[Collected data]
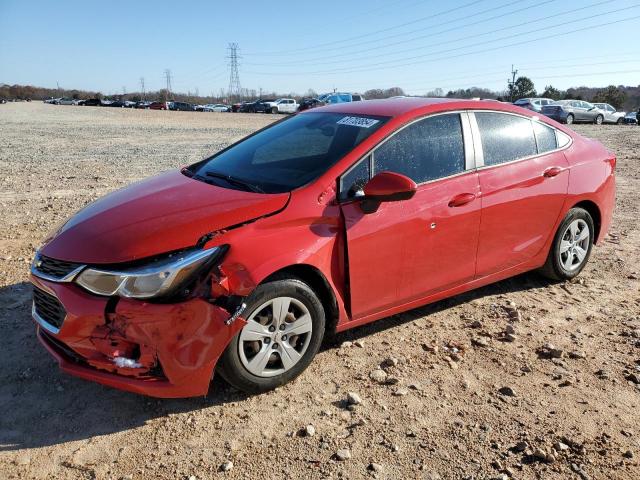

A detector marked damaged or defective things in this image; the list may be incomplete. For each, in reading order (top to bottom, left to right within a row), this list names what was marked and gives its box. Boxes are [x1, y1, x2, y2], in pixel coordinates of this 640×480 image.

damaged headlight [76, 246, 225, 298]
crumpled hood [40, 171, 290, 264]
damaged red car [30, 97, 616, 398]
broken front bumper [27, 274, 244, 398]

TO DO: The records above are to be restated word for word, with every picture left out.

SOLUTION TO THIS EXERCISE:
A detector marked damaged or defective things in this image; the list may be incomplete. For each, in reading order (top to bottom, left to right within a row), this list names what was marked and gives its box. Boxes are [x1, y1, x2, y2], in pixel coordinates of this 640×480 image.

damaged headlight [76, 246, 225, 298]
crumpled hood [40, 171, 290, 264]
damaged red car [30, 97, 616, 398]
broken front bumper [27, 274, 244, 398]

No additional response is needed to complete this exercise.